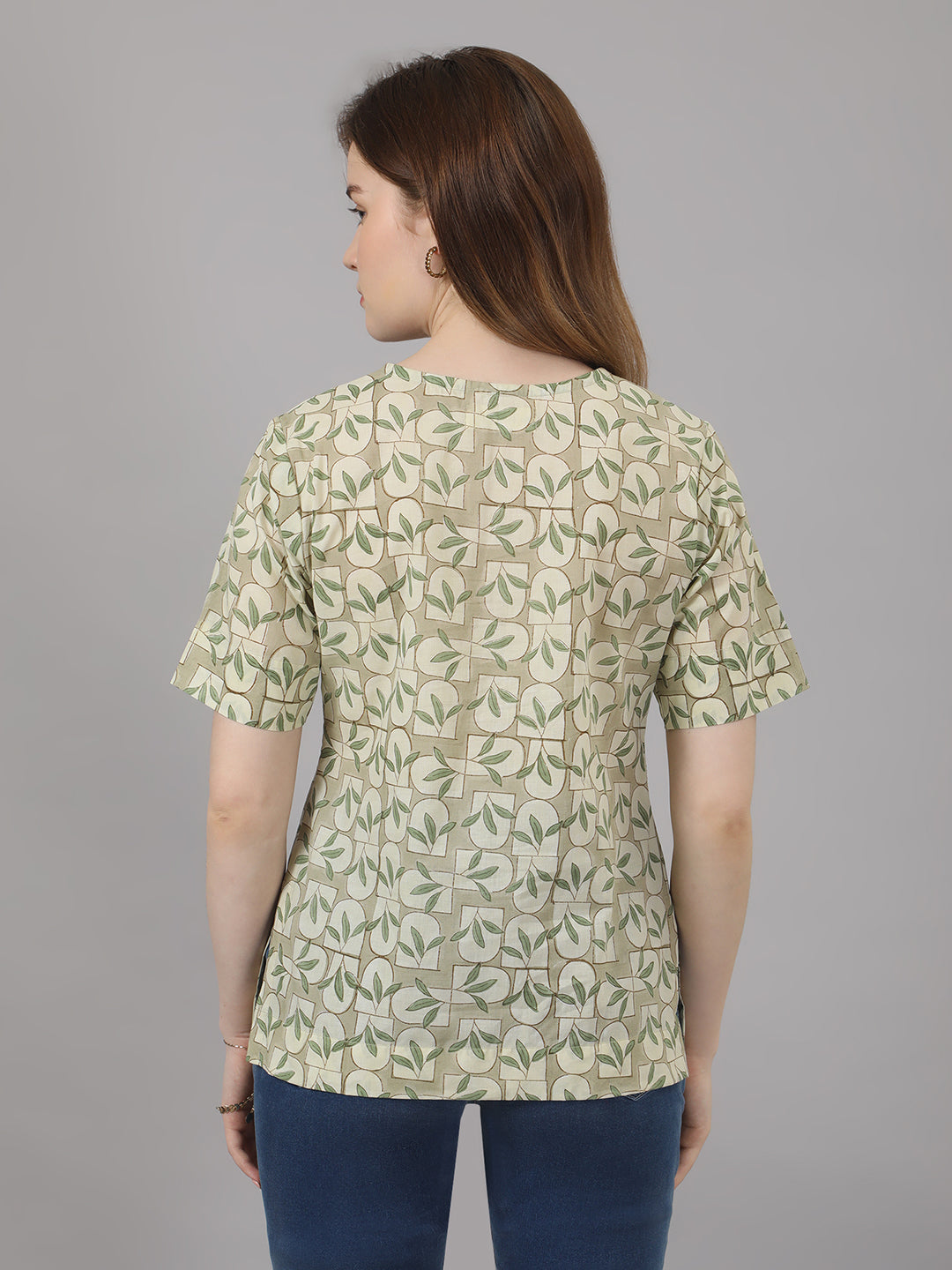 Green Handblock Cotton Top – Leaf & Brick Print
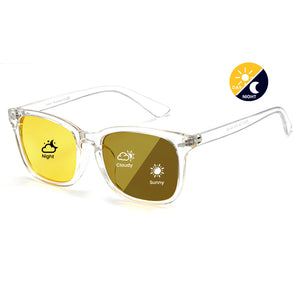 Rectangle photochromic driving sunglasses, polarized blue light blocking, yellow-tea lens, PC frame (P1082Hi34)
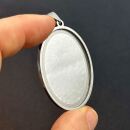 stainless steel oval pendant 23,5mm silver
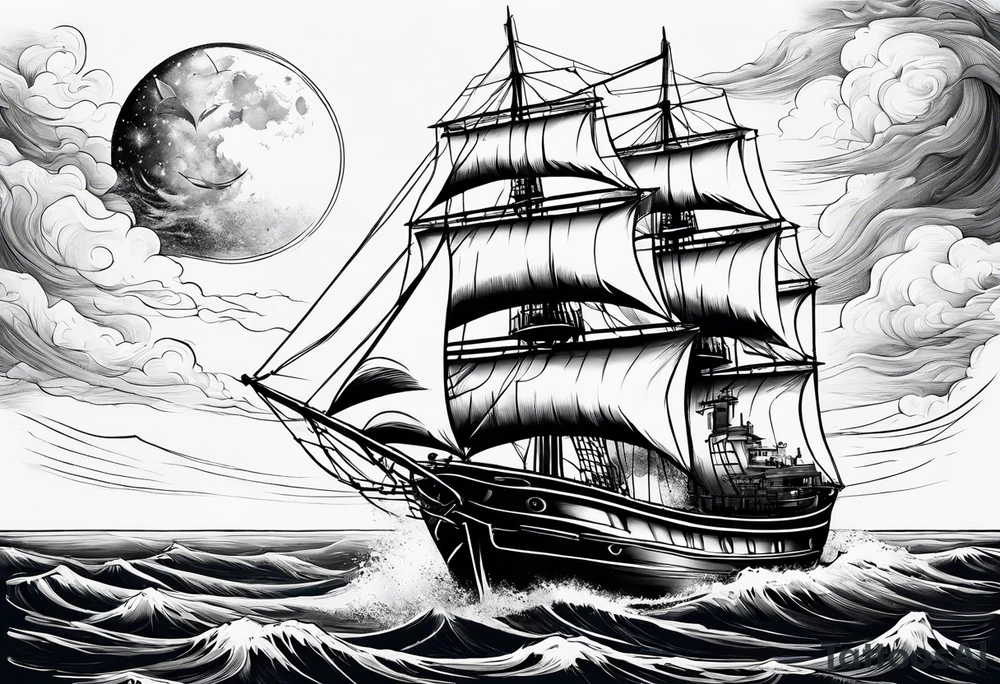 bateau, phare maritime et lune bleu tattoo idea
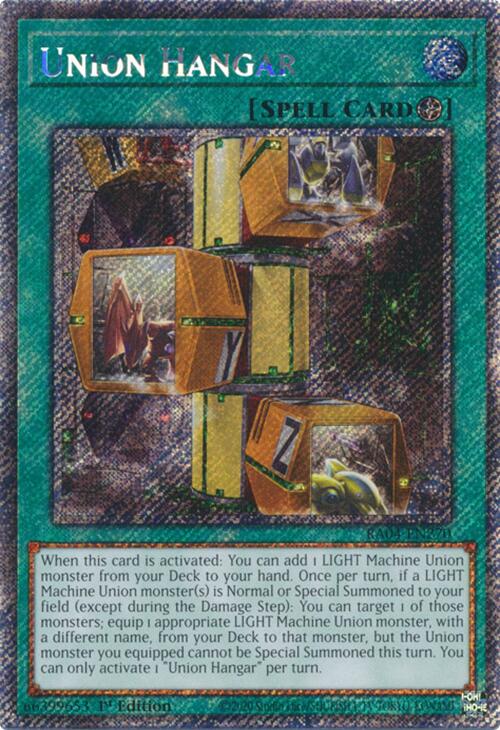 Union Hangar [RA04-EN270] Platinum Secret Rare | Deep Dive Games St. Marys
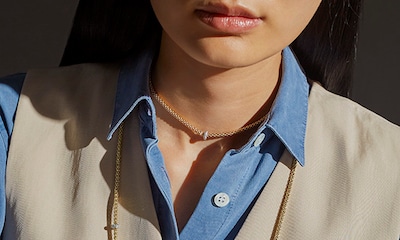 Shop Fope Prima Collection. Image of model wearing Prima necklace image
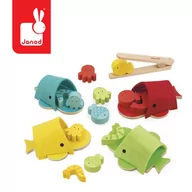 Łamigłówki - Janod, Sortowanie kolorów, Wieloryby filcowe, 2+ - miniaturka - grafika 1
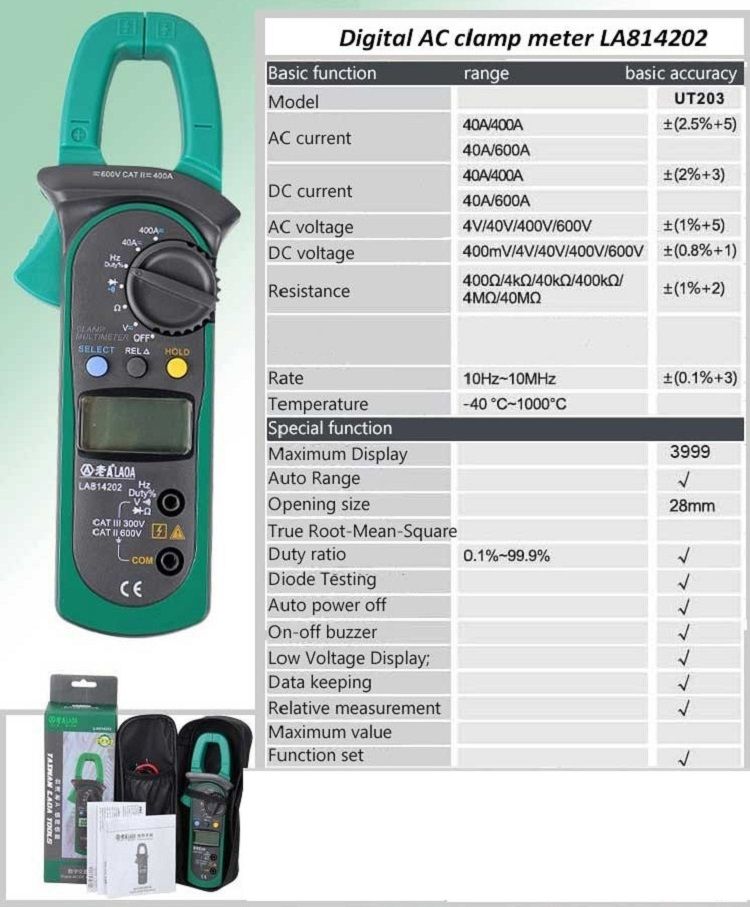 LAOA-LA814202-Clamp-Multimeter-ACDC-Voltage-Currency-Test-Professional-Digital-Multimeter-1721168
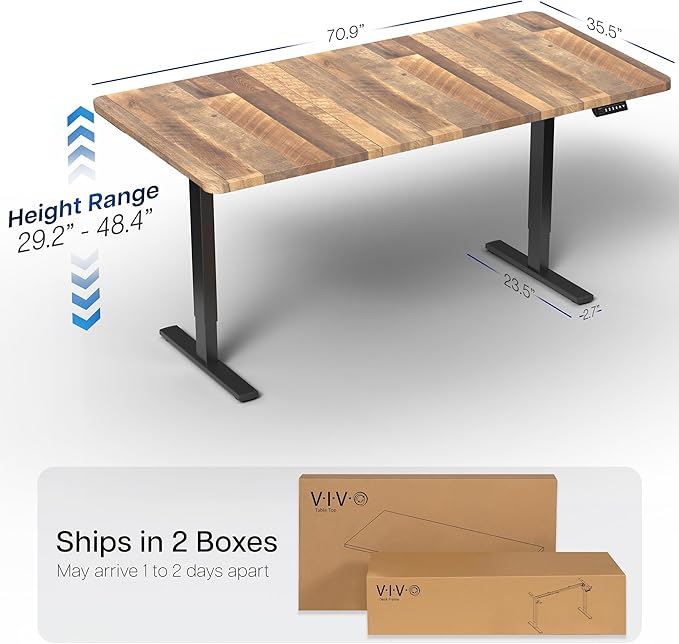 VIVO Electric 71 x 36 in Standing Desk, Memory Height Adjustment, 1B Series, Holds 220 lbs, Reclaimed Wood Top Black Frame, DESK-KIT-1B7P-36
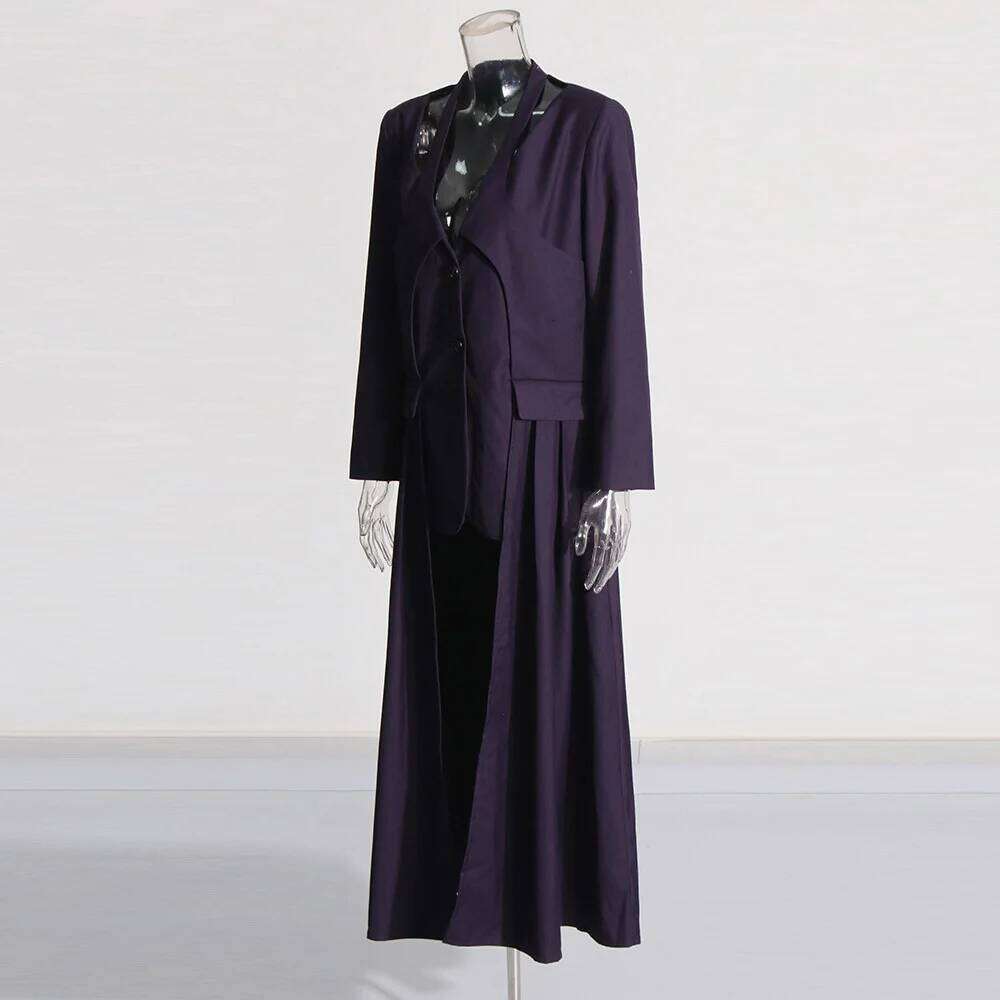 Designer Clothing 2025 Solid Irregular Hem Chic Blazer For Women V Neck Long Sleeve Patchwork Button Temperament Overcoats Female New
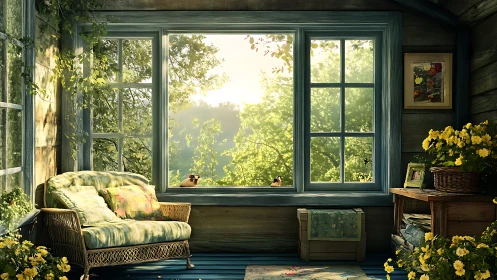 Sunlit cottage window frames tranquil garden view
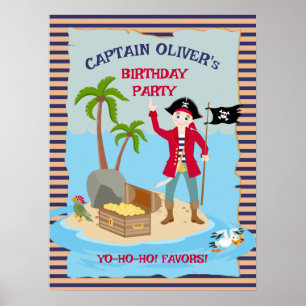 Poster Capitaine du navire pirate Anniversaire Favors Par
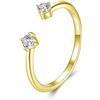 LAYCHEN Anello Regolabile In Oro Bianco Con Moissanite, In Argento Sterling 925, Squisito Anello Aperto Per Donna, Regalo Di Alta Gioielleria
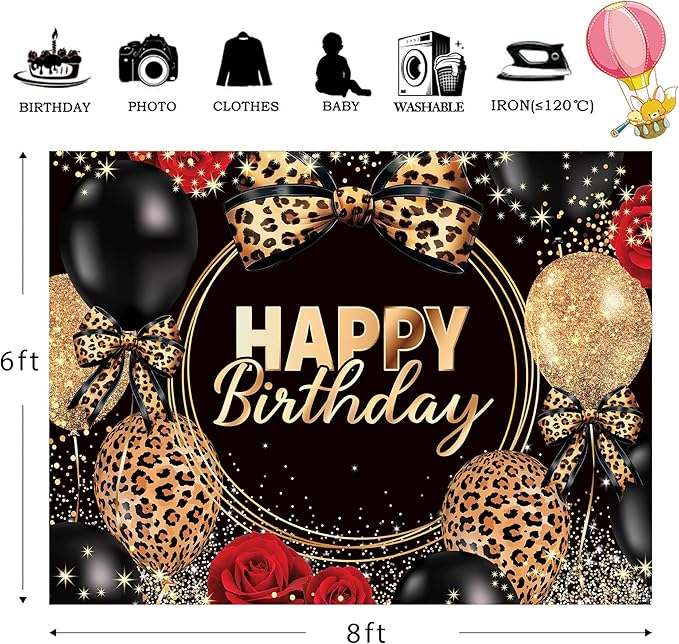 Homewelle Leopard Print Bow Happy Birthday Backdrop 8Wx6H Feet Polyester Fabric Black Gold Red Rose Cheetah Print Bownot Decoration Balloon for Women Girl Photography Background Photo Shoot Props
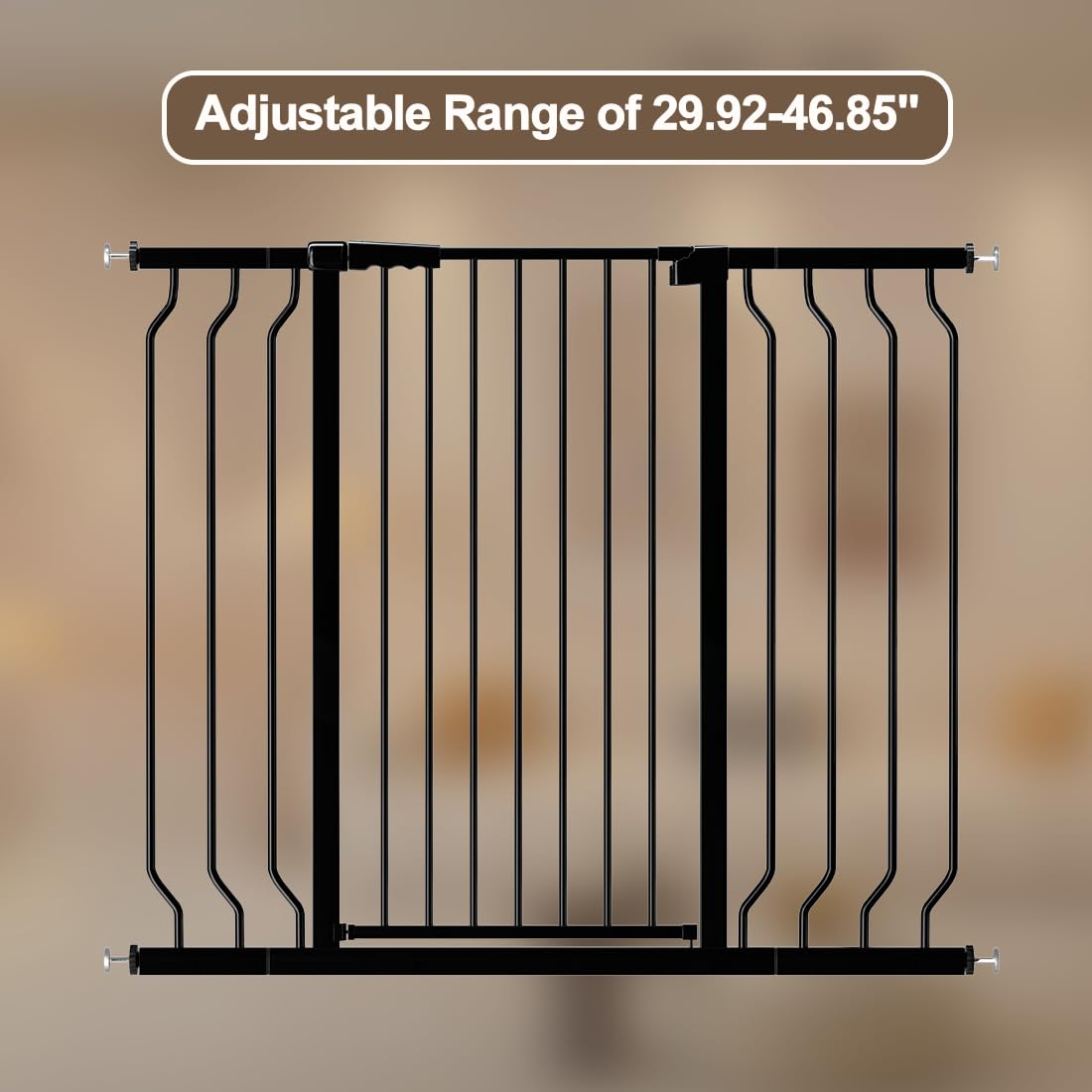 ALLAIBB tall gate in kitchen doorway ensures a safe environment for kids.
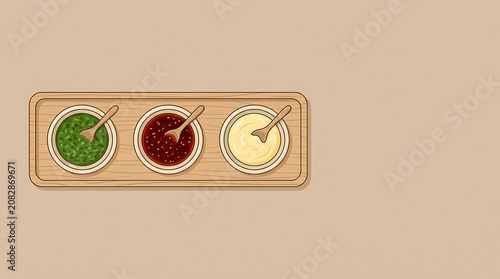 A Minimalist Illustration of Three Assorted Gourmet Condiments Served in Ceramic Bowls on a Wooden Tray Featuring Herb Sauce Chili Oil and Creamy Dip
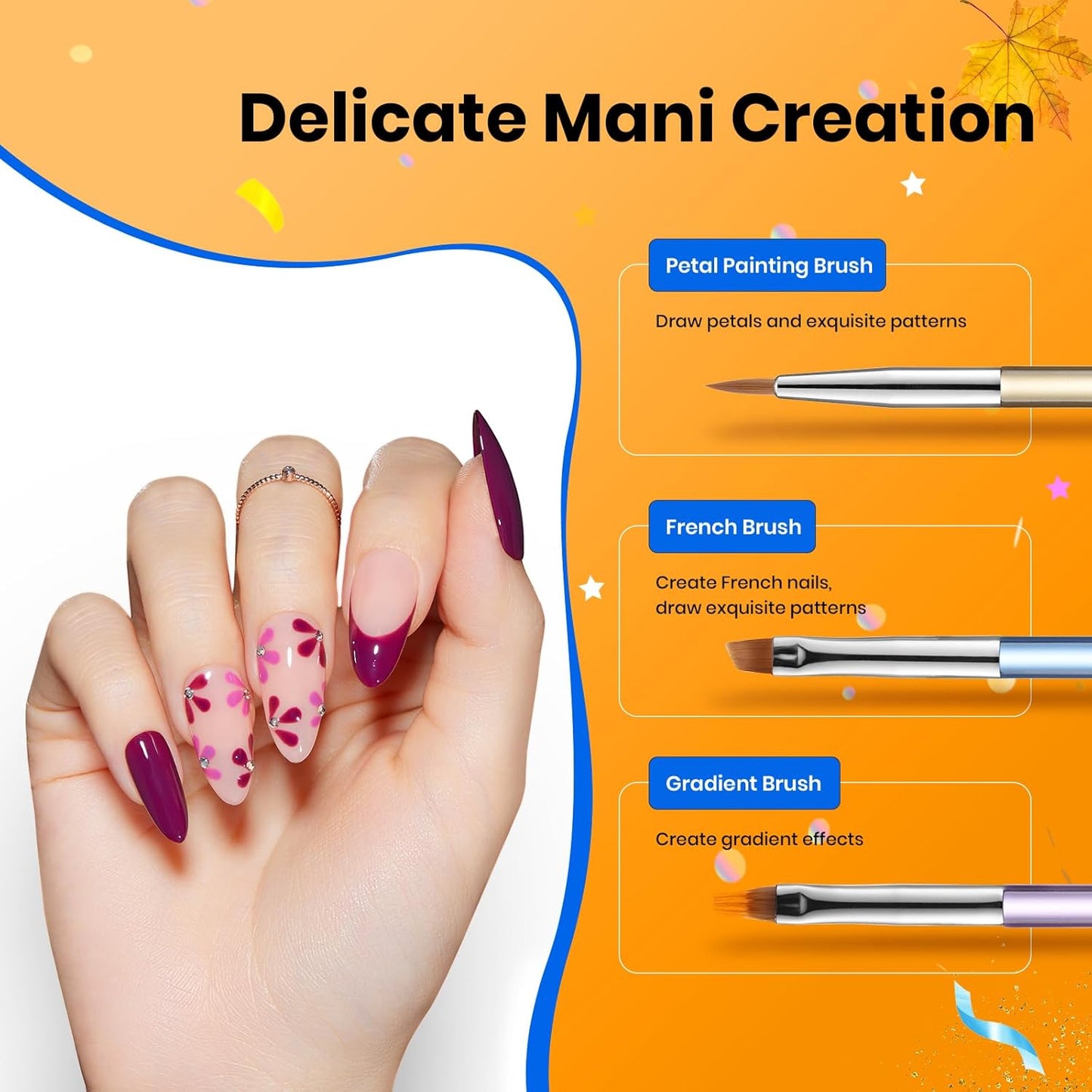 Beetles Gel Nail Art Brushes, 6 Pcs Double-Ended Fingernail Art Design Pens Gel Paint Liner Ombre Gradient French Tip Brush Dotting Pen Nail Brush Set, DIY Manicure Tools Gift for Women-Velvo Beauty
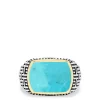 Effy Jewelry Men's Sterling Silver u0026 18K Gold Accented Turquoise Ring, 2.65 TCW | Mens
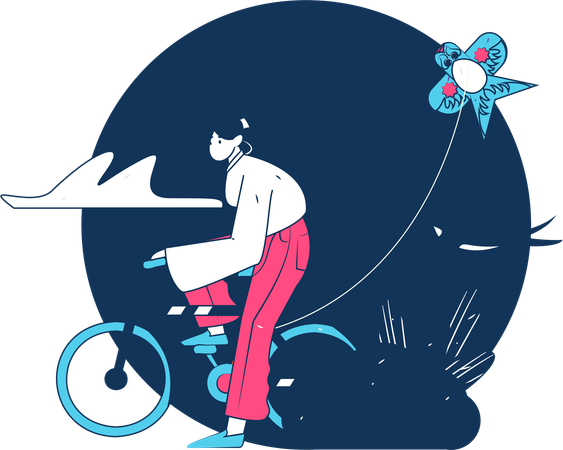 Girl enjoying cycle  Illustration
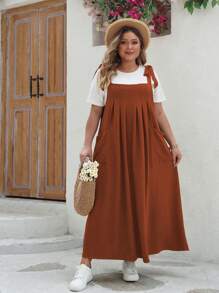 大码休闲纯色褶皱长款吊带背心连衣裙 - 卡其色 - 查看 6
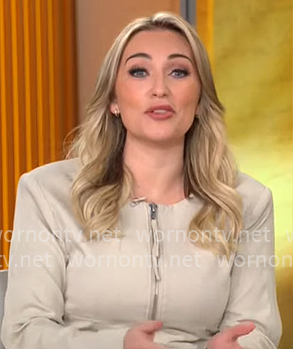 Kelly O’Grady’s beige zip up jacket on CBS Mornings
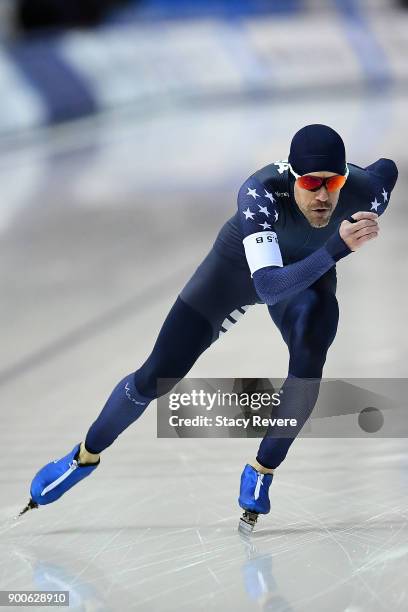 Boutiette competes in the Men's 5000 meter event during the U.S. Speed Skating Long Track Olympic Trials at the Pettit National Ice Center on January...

▶ THE TASK
Although the records hold pictures, the copy must not; give again exactly the lines from the one with "Homewelle Leopard Print" through the one with "A Minimalist Illustration".

▶ SOLUTION TO THIS EXERCISE
 Homewelle Leopard Print Bow Happy Birthday Backdrop 8Wx6H Feet Polyester Fabric Black Gold Red Rose Cheetah Print Bownot Decoration Balloon for Women Girl Photography Background Photo Shoot Props
 ALLAIBB tall gate in kitchen doorway ensures a safe environment for kids.
 A Minimalist Illustration of Three Assorted Gourmet Condiments Served in Ceramic Bowls on a Wooden Tray Featuring Herb Sauce Chili Oil and Creamy Dip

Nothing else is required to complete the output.